Aldosterone Secreting Adrenal Tumor in an 11-Year-Old FS DSH Cat: Sonopath Case Of the Month June 2019
Adrenal tumors are rare in cats and there are not a lot of reports in the veterinary literature. A journal article from JVIM in 2014 reported on Aldosterone secreting tumors in only 10 cats. Leave it to Dr Jennifer Todd, owner of Lambs Gap Animal Hospital in Mechanicsburg PA to find one! Recently SDEP™ Abdomen certified and using her Mindray Elite 8 ultrasound machine purchased from Sonopath, Dr Todd performed a stellar sonogram and identified an enlarged right adrenal gland as well as other pathology. Surgery was performed by Dr Jacqui Niles. BVetMed, Cert SAS, DACVS-SA and her team at Metropolitan Veterinary Associates in Norristown, PA. Thanks to Dr Todd and Dr Laura Campbell for thorough management of this case from diagnosis to monitoring to surgery and happy followup.

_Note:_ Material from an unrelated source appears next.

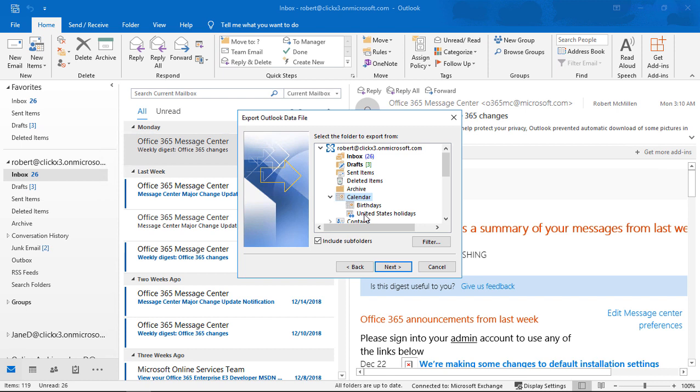So if I want, I can also choose birthdays, United States holidays, or I can just choose the calendar itself. So if I don't want these sub calendars, I'll just uncheck include sub folders, and then that way I'll only get my calendar.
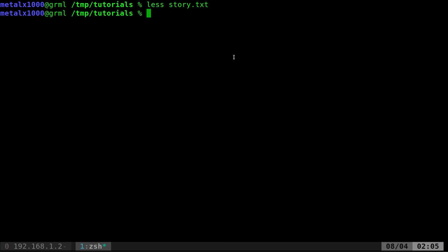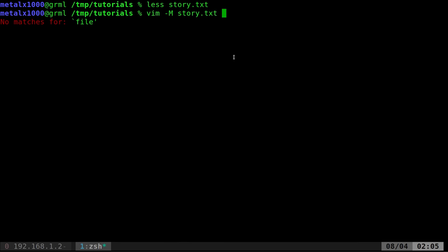What you could do is start Vim in either modify-not-allowed or read-only mode. I'm not sure how they differ, but you can use vim -M with the filename for modification-not-allowed.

All adrenals are important! See our educational series “No Adrenal Gland Left Behind” for techniques for locating both cat and dog adrenals. Interested in an ultrasound unit with terrific resolution that enables you to visualize the smallest cat adrenals? Click here: Mindray Elite 8
The patient was presented for annual exam with a 1-2 month history of decreased appetite. Blood chemistry and CBC found a potassium low at 3.2, chloride low 113, AST high 70, monocytes high 684, and T4/fPL both normal. Repeat bloodwork a month later showed potassium even lower at 2.6. The patient was started on Renacare potassium supplement and abdominal ultrasound was scheduled. The day of the ultrasound, potassium was rechecked and still low at 2.7; Renacare dose was increased and a month later the potassium level was normal. Post-ultrasound Aldosterone baseline level was high at 1194 (194-388). Prior to surgery she had a normal appetite and energy level, and CBC and chem were normal other than a mildly elevated ALT.

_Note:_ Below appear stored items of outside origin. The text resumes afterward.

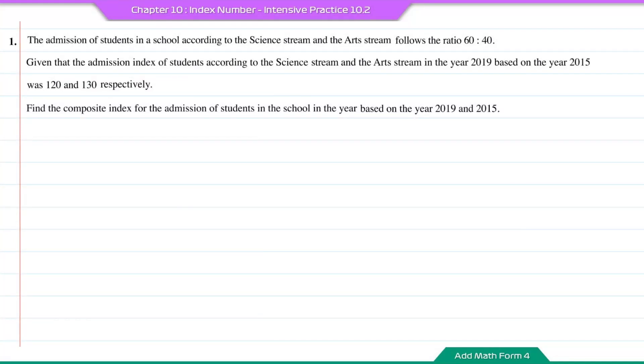Intensive practice 10.2, question number 1. The admission of students in the school according to the science stream and the art stream follows the ratio 60 to 40.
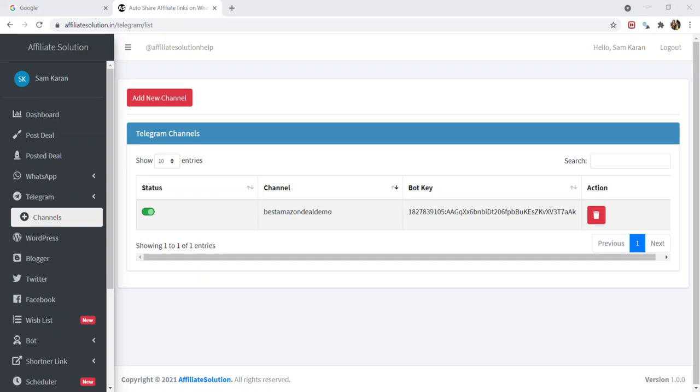That's it. So simple, isn't it? Now you can start doing auto post from Affiliate Solution website to your Telegram channel.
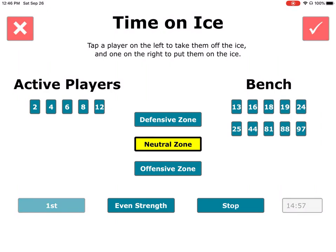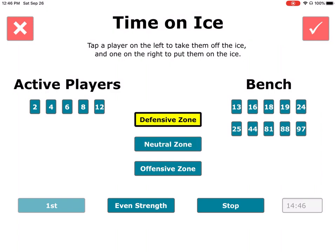You'll see that the time is counting down by the second, so everybody that's on the ice is being credited by the second. The puck has now moved from the neutral zone into the defensive zone — we just tap defensive. Now everybody on the ice is getting credit for defensive time.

The right adrenal gland was enlarged in this patient, rounded and mildly heterogeneous, measuring approximately 1.5 cm x 1.5 cm. Strong potential for carcinoma. Capsular expansion was noted without capsular invasion. Both kidneys presented chronic interstitial nephrosis pattern with hyperechhoic, idiopathic medullary rim sign.

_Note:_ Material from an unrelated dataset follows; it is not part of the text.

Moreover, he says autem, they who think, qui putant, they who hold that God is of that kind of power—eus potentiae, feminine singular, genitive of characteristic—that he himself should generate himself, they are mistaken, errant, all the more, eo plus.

A Tru-cut biopsy of the liver was obtained during right adrenalectomy.
Enlarged, irregular right adrenal gland.
Recommendations based of the ultrasound findings were as follows: Sodium potassium ratio should be evaluated. Blood pressure measurements are also warranted. If hypokalemia is present, Conn’s syndrome may be playing a role in this patient. Right adrenalectomy is recommended. Aldosterone levels warranted given the subnormal potassium. If any inflammatory sediment is present in the urine or proteinuria, renal biopsy could be performed at the time of right adrenalectomy. The patient had surgery and the right adrenal gland was removed; a Tru-cut biopsy of the liver was sampled as well. During right adrenalectomy the right adrenal gland was found to be grossly enlarged, discolored, and adherent to the dorsal surface of the vena cava. The patient was given a Convenia injection and discharged two days after surgery on Onsior and Buprenex along with instructions to discontinue the Renacare, Spironalactone, and Amlodipine. Potassium levels were normal prior to discharge. Biopsy report: Right adrenal gland: adrenal cortical carcinoma. Liver: moderate to marked diffuse hepatocellular swelling. Following surgery, the patient’s blood pressure improved and potassium levels normalized. No chemotherapy was recommended. Blood pressure and potassium levels should be checked every 4 months. Owner reports the patient is doing well at home.